(Captioned web images)
========================================

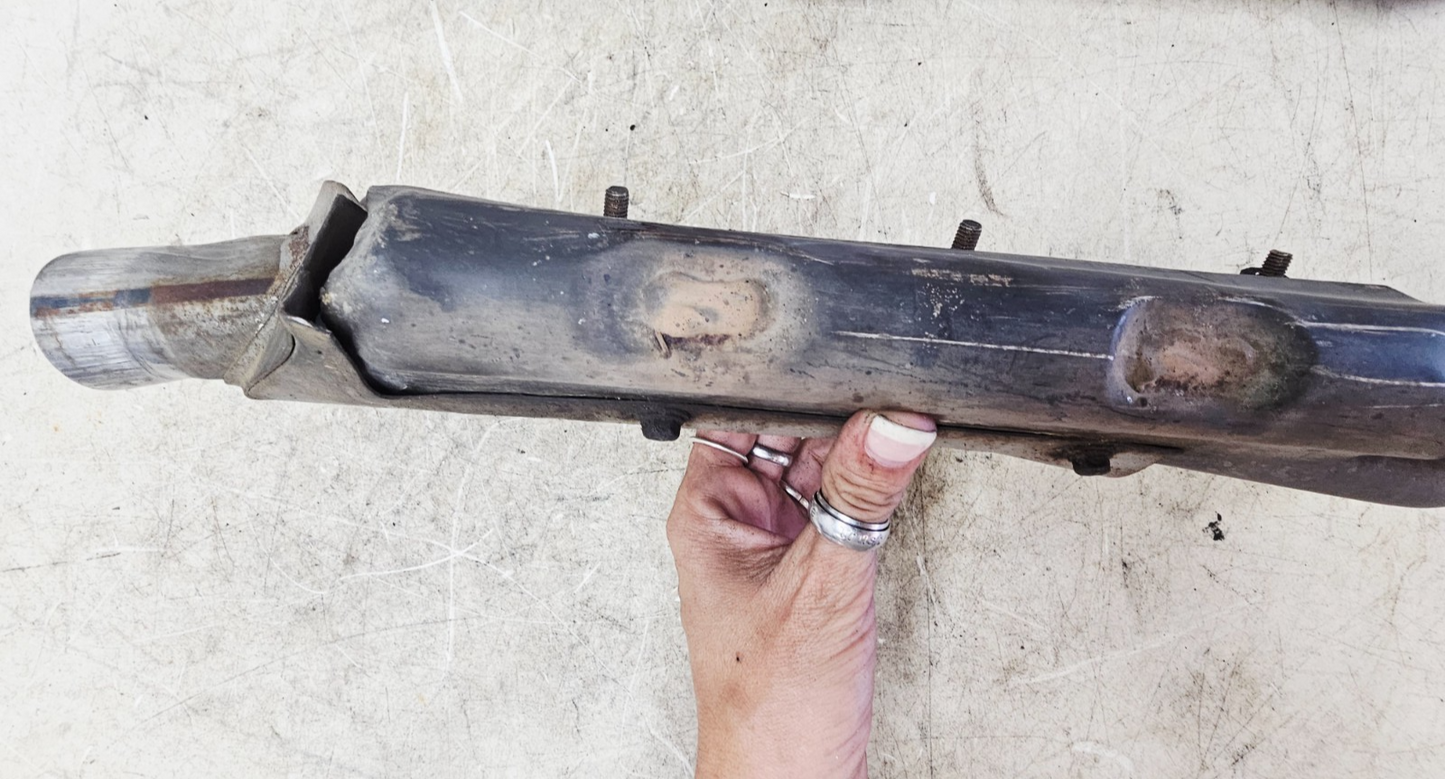 1995 HONDA GOLDWING GL1500 Exhaust System Header Pipes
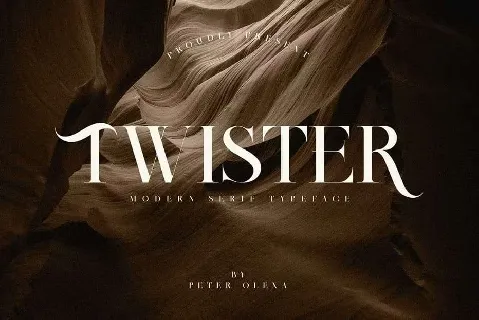 Twister font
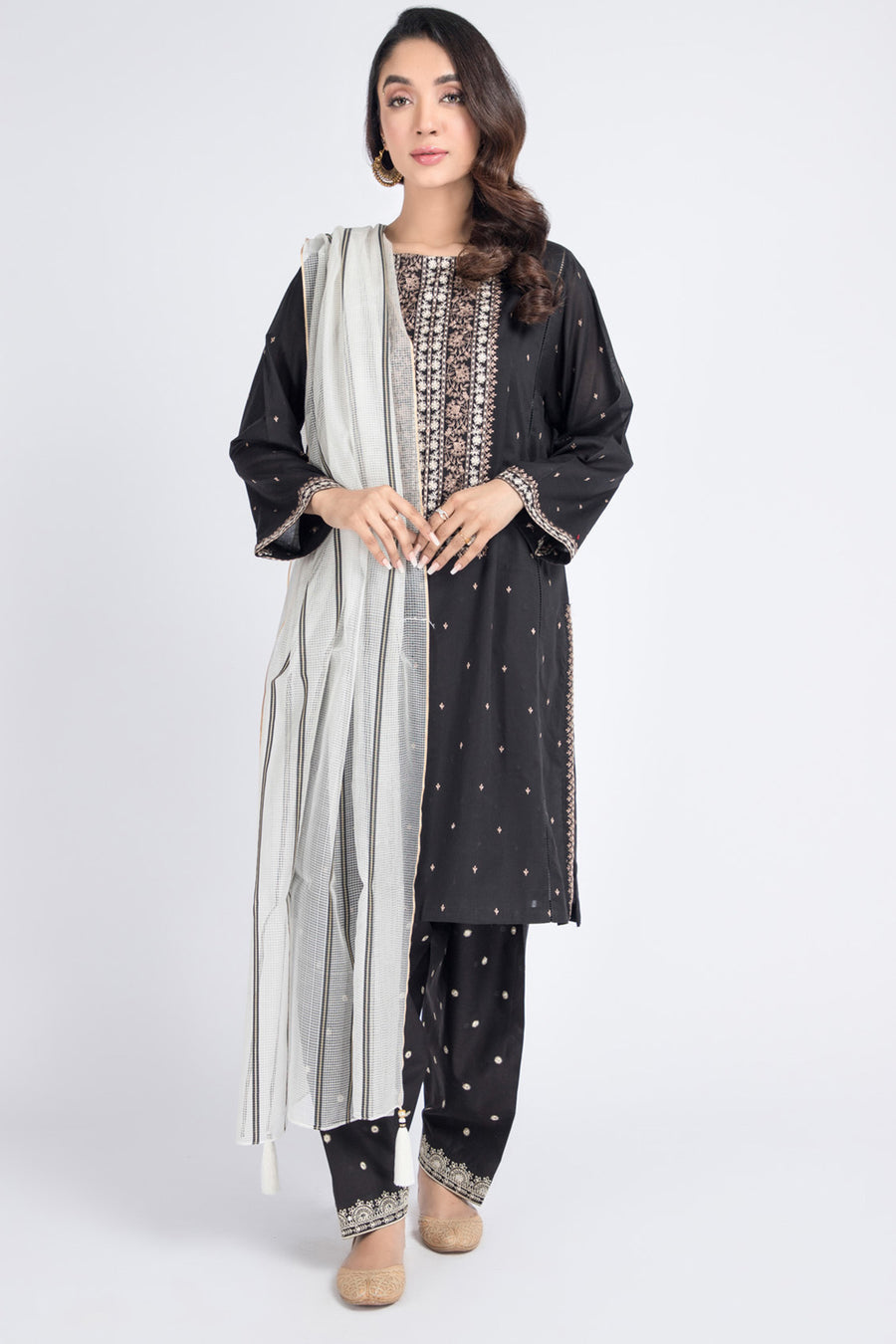 Kayseria GTX4651 White Eid Lawn 2022 Online Shopping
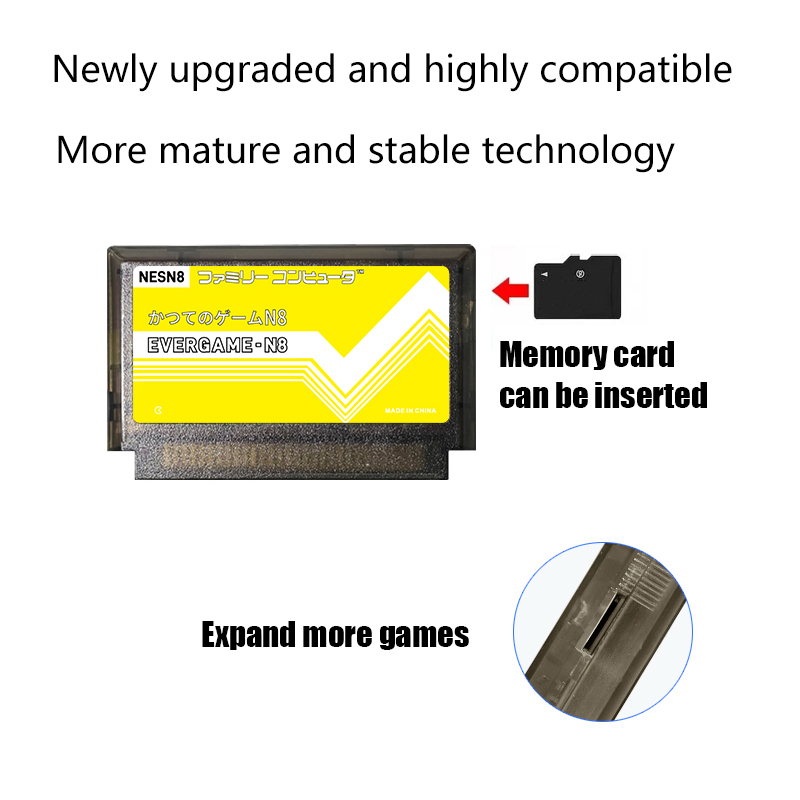 REMANK EVERGAME N8 NES Cartrid - đánh giá và giá Retro Gaming Handheld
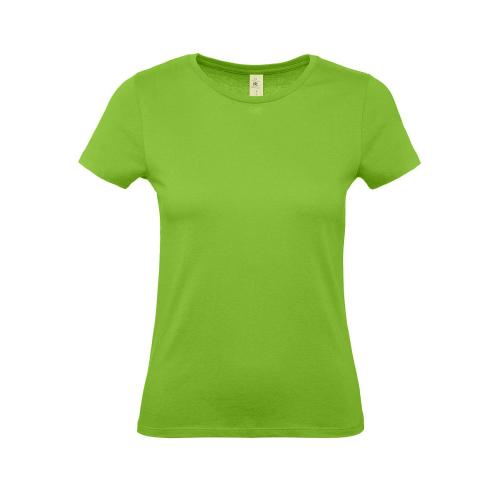 Футболка женская E150, зеленое яблоко
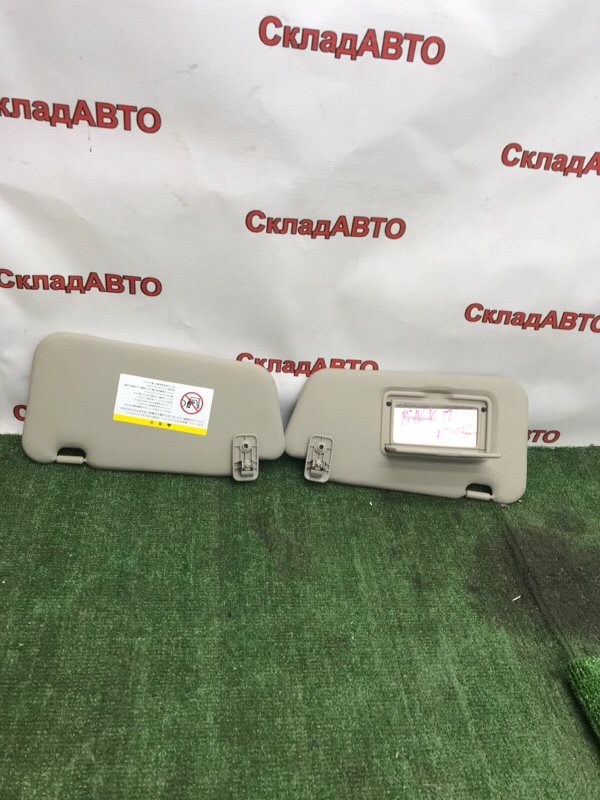 Козырек солнцезащитный NISSAN March 2009 BNK12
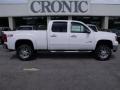 2010 Summit White GMC Sierra 2500HD SLE Crew Cab 4x4  photo #1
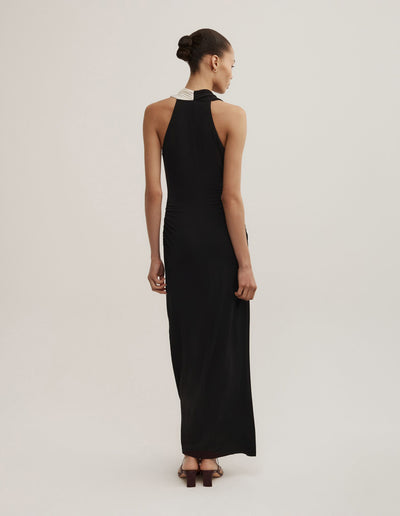 Colour Blocked Dress
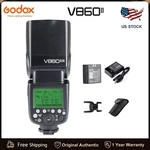 Godox V860II-N 2.4G Ttl Li-ion Battery Wireless Camera Flash Speedlite For Nikon. Fixed Price $179.00.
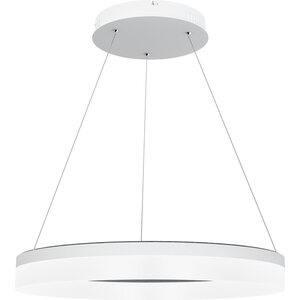 Valaisin Grönlund Kattovalaisin Acoustic Circulo Ø60cm LED 36W 4000K Tummanharmaa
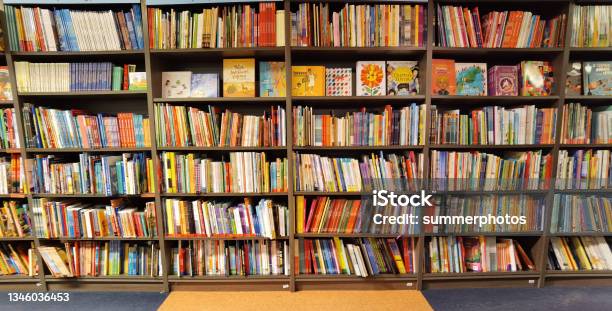 Books Bookcase Shop Self Background Stock Photo - Download Image Now - Library, Bookshelf, Bookstore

========================================

== Problem details ==
Pictures are to be left out when the lines from the one containing "Colour Blocked Dress" through the end of the records above are repeated exactly; no other line is wanted.

== Response to the exercise ==
 Colour Blocked Dress
 Godox V860II-N 2.4G Ttl Li-ion Battery Wireless Camera Flash Speedlite For Nikon. Fixed Price $179.00.
 Valaisin Grönlund Kattovalaisin Acoustic Circulo Ø60cm LED 36W 4000K Tummanharmaa
 Books Bookcase Shop Self Background Stock Photo - Download Image Now - Library, Bookshelf, Bookstore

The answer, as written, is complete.